Friday, January 07, 2005
Seems that Aceh province, the home of the Muslim rebellion in Indonesia, has long been the most Saudi influenced part of the country, while in other areas Islam has been mixed with various native animist and pantheist traditions.
Aceh lies in the far northwest of Indonesia's mini-empire of 17,000 islands. Islam penetrated there six centuries ago, arriving with traders from the Arabian peninsula. Early ties with Mecca gave the faith of the Prophet deeper roots and stricter tenets in Aceh than elsewhere in Indonesia, where Islam came later and Muslim beliefs are wonderfully muddled with folk religion, Buddhist strains and even hints of Hinduism.The question is what effect will the tsunami have on the brand of Islam in Indonesia? Will it retrench further into Wahabism, or will the Wahabist influence wane?

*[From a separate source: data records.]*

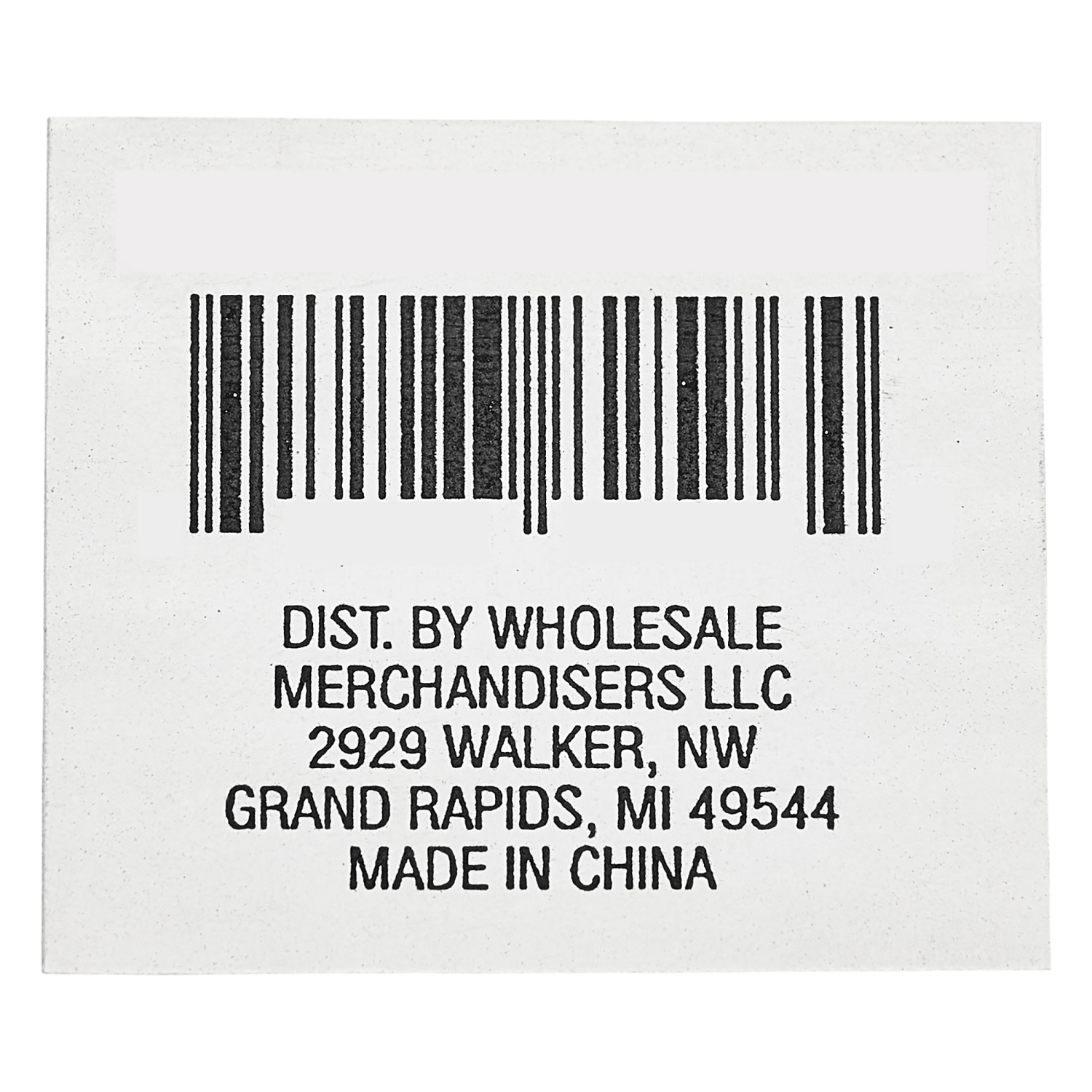 slide 3 of 4, ROOM & RETREAT RR 8x10 Multi Mat Black Gallery Photo Frame, 1 ct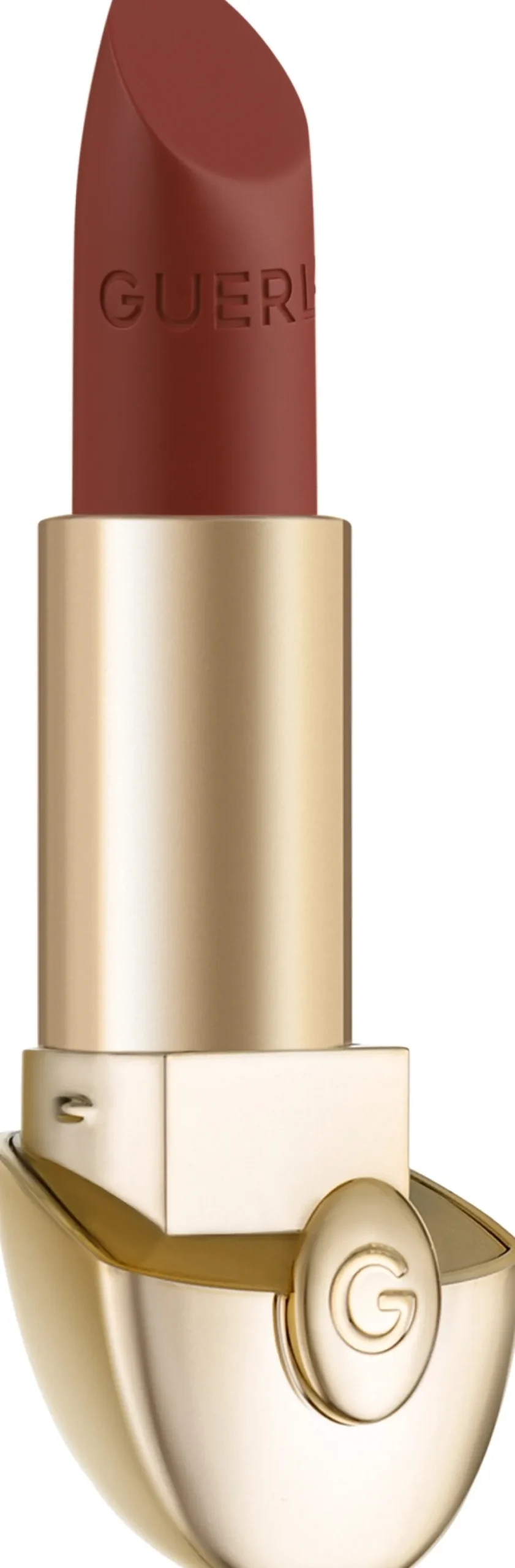 Guerlain Rouge G de Guerlain Exceptional Complete Lip Colour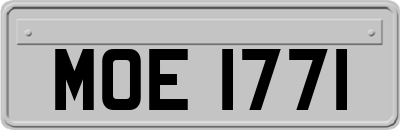 MOE1771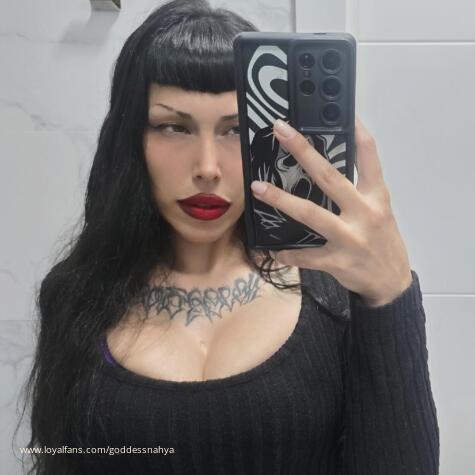 Findom Nahya avatar
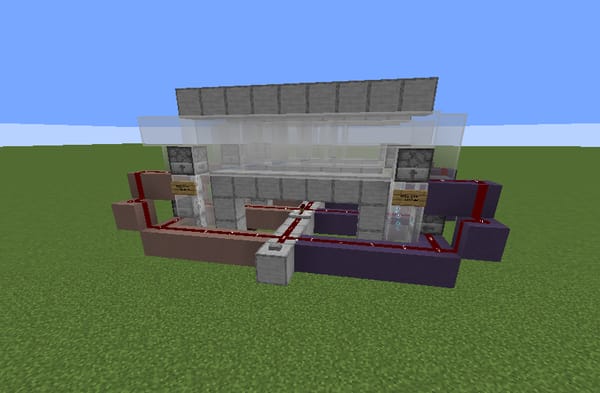 mobs swith (aldeanos zombies).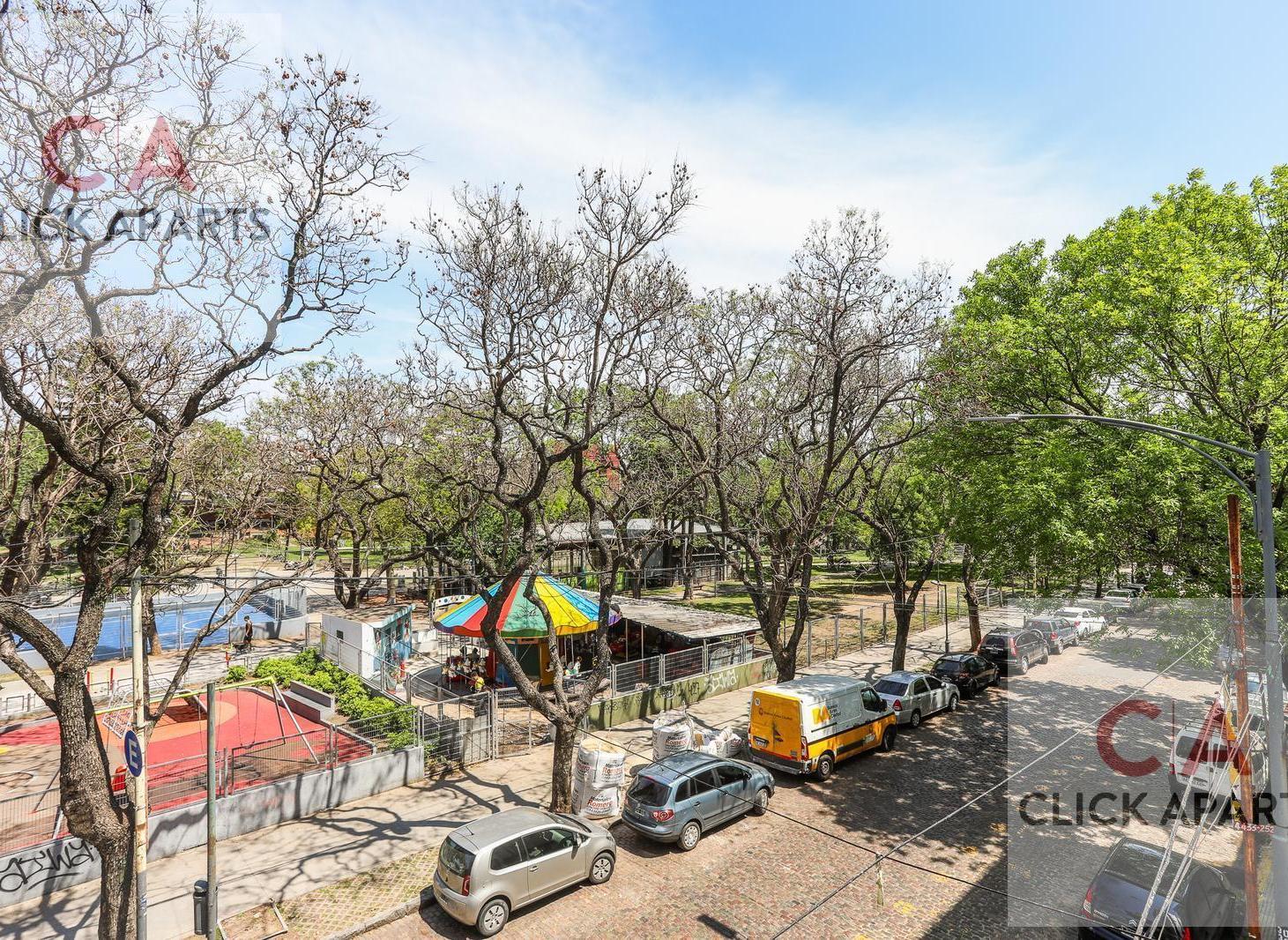 Foto de Venta - 2 AMBIENTES C/BALCÓN - San Cristóbal, imagen 4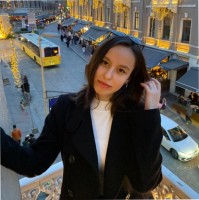 Simay Ece Kara
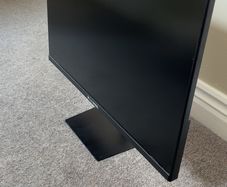 gaming monitor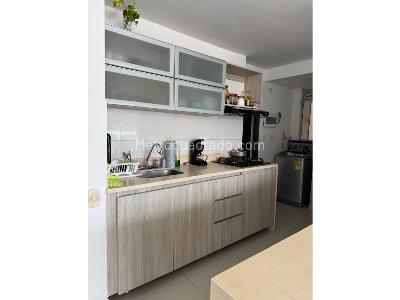 Apartamento de 3 alcobas en venta en Villa Carolina, Barranquilla, 86 m² · foto 3 de 17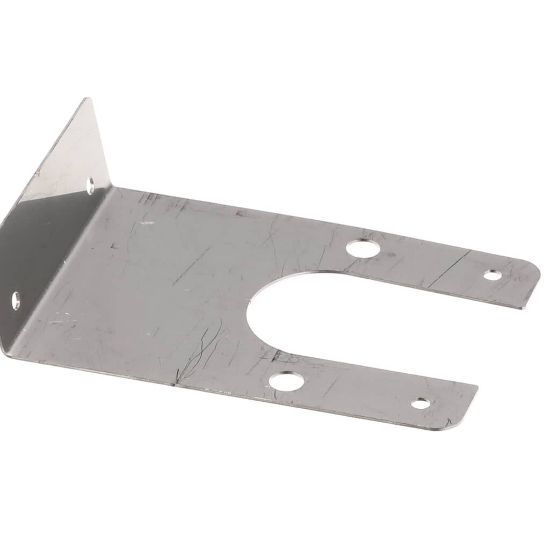 Picture of Hoshizaki Water Valve Bracket Part# 4A0999-01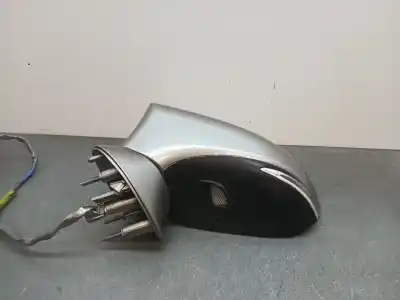 Peça sobressalente para automóvel em segunda mão espelho retrovisor esquerdo por lexus is iii (_e3_) 300h (ave30_) referências oem iam  9 cables 572312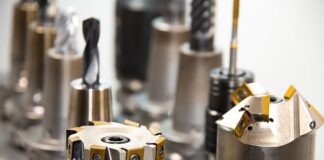 Jaka frezarka do manicure i pedicure?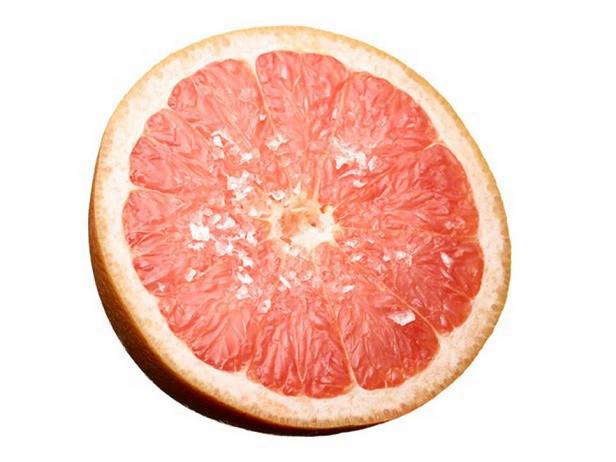 الجريب فروت
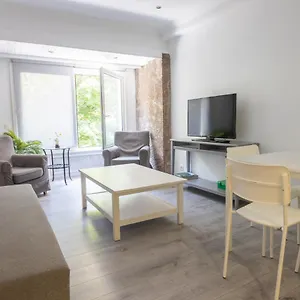 Apartamento Urumea - Local Rentss, San Sebastián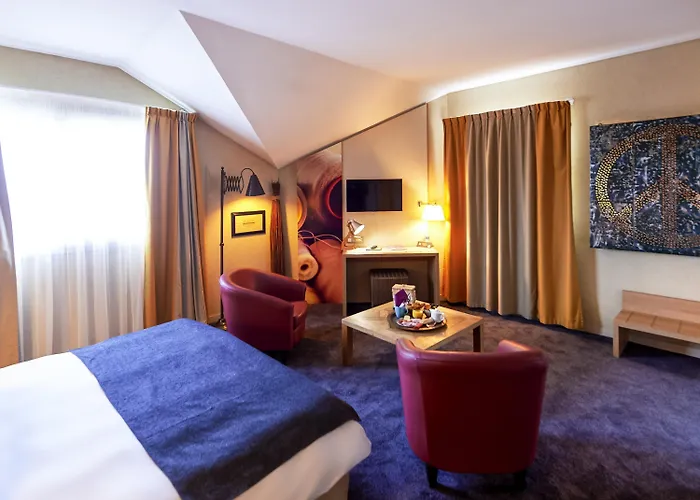 فندق Ibis Styles 3*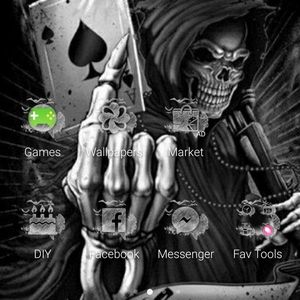 Meet your Posher, Robert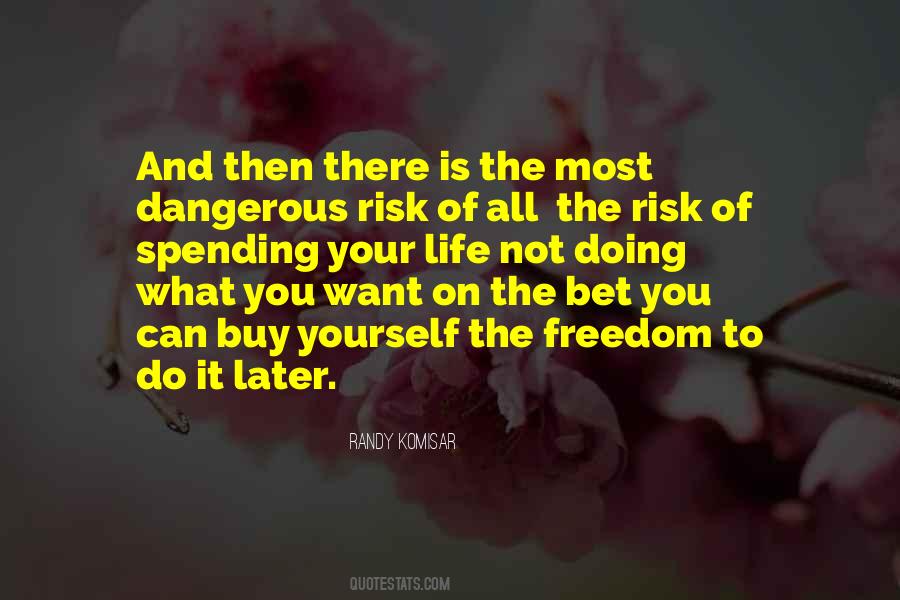 Randy Komisar Quotes #964980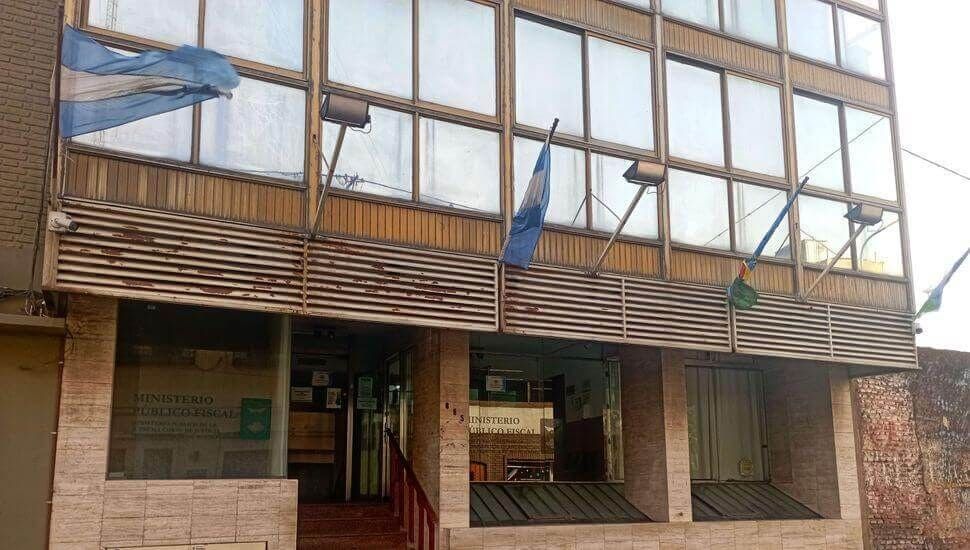 El Departamento Judicial de Pergamino cuenta con nuevos magistrados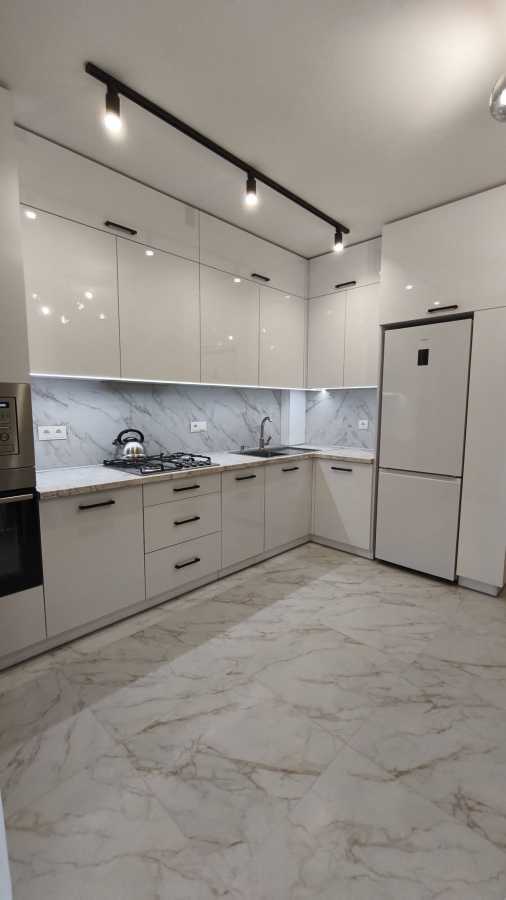 Аренда 1-комнатной квартиры 53 м², Тернопольская ул., 46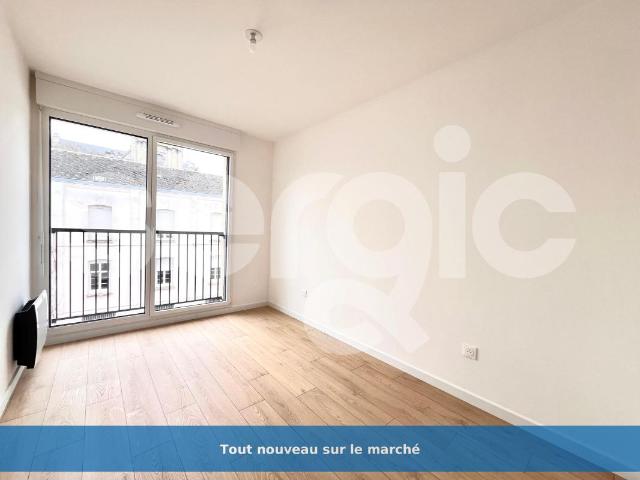 Appartement location à Arras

As a result, Aceh has suffered under a long Islamic insurgency that means to establish an independent state closer in spirit to Riyadh than to Jakarta. Wandering through Indonesia, I was struck by the complexity and humanity of the many local variants of Islam — and by the lack of interest in the Aceh-style intolerance the Saudis were anxious to spread throughout the country.
Will the tsunami be perceived as a natural phenomenon with no moral meaning, as a punishment against the Aceh rebels' militancy, or as a warning for the rebels to redouble their efforts?